- _Information provided_:
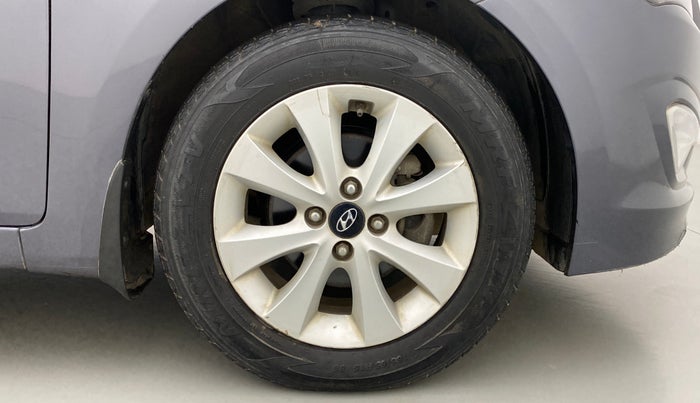 2015 Hyundai Verna FLUIDIC 1.6 CRDI S 4S, Diesel, Manual, 31,958 km, Right Front Wheel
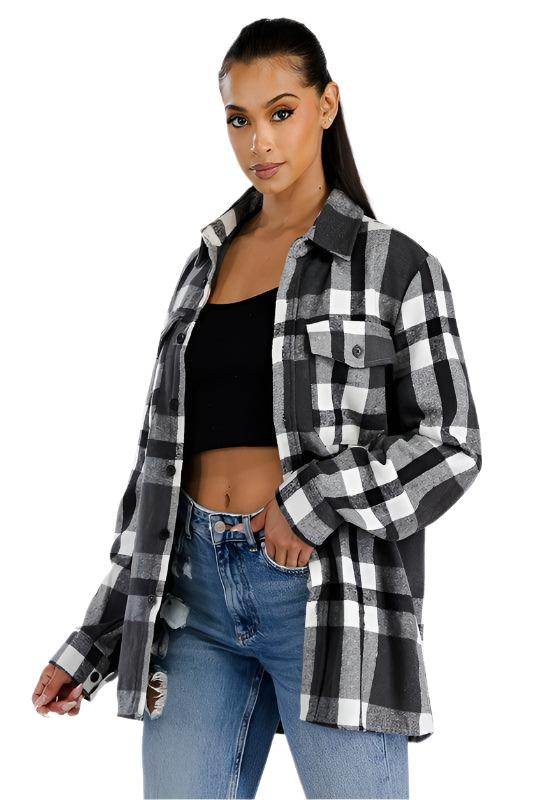 WEIV soft plaid shacket for women in black and white with a relaxed fit and front pockets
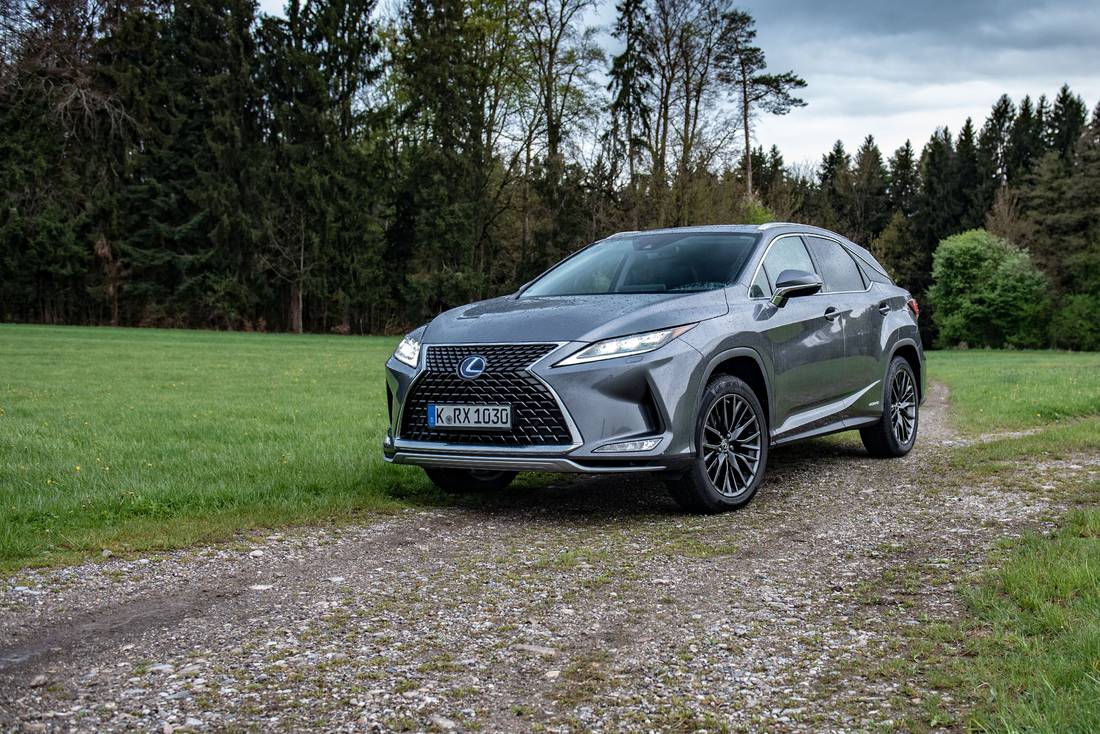 Lexus-RX450h-Hero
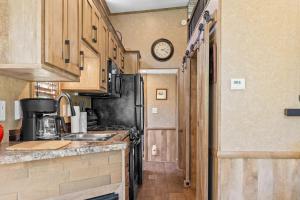 A cozinha ou kitchenette de Quail Run Farm- Rustic Tiny Home 3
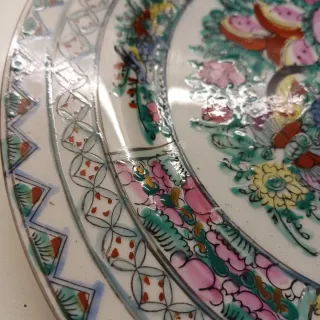 Bellissimo piatto giapponese vintage decorato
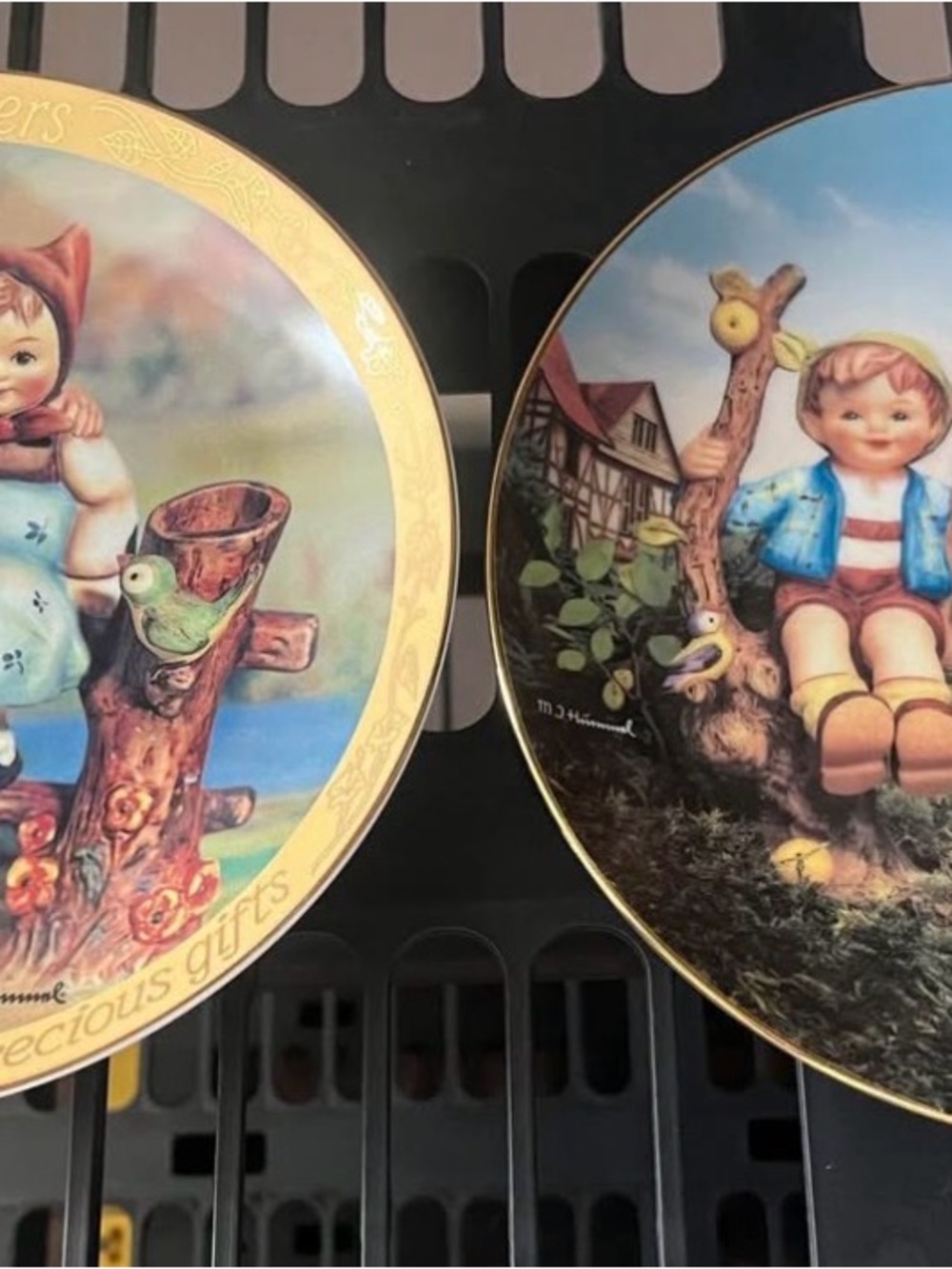 Set of 2 Hummel Decorative Collector Plate Set - Pastel Kids Artwork
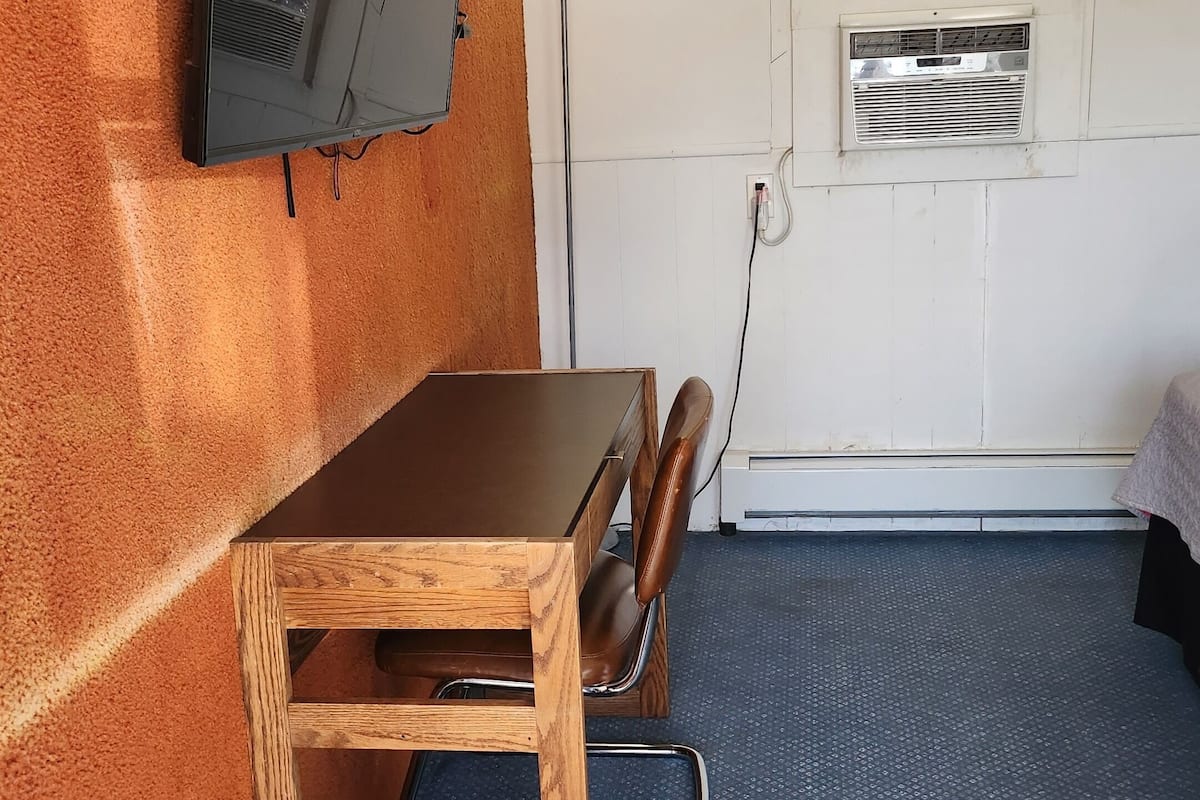 Singola Deluxe, 1 letto king | Una scrivania, Wi-Fi gratuito, lenzuola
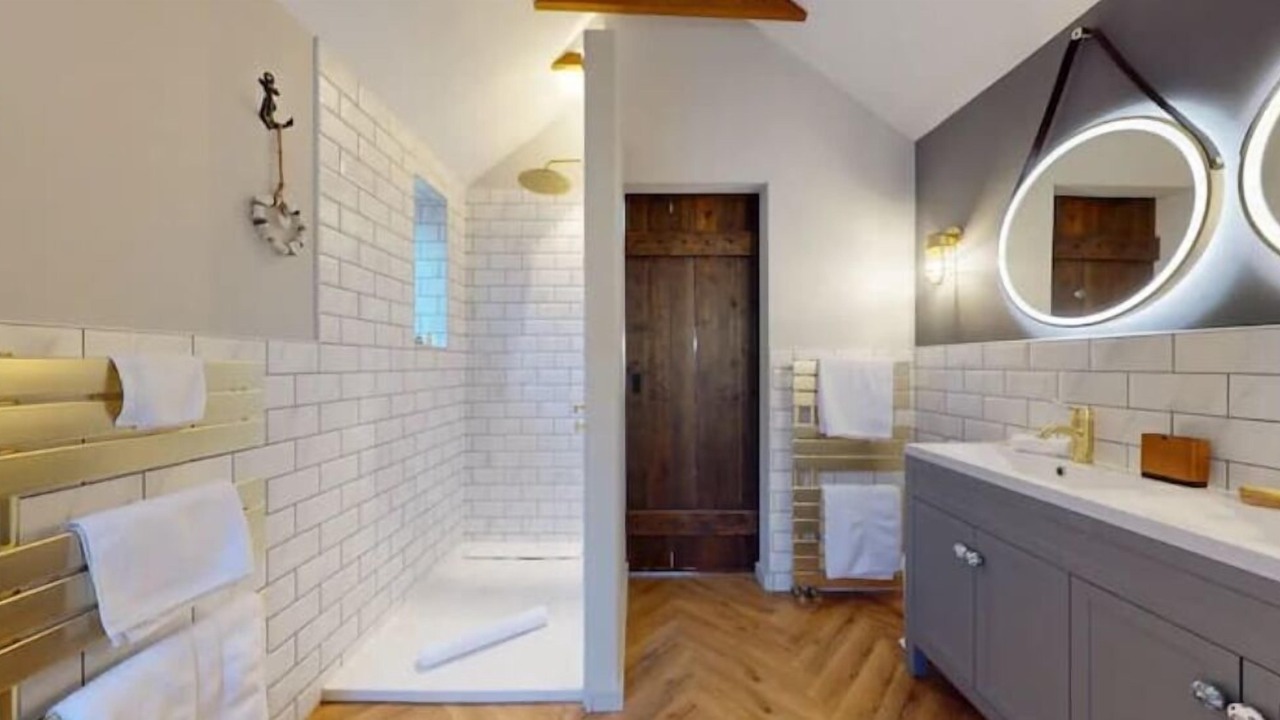 Photo of Bathroom in Mumbles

- _Instructions to follow_:
An exact copy is needed of the lines running from the one with "Singola Deluxe, 1" through the end of the data above, and of those lines only, without pictures.

- _Result for this exercise_:
 Singola Deluxe, 1 letto king | Una scrivania, Wi-Fi gratuito, lenzuola
 Photo of Bathroom in Mumbles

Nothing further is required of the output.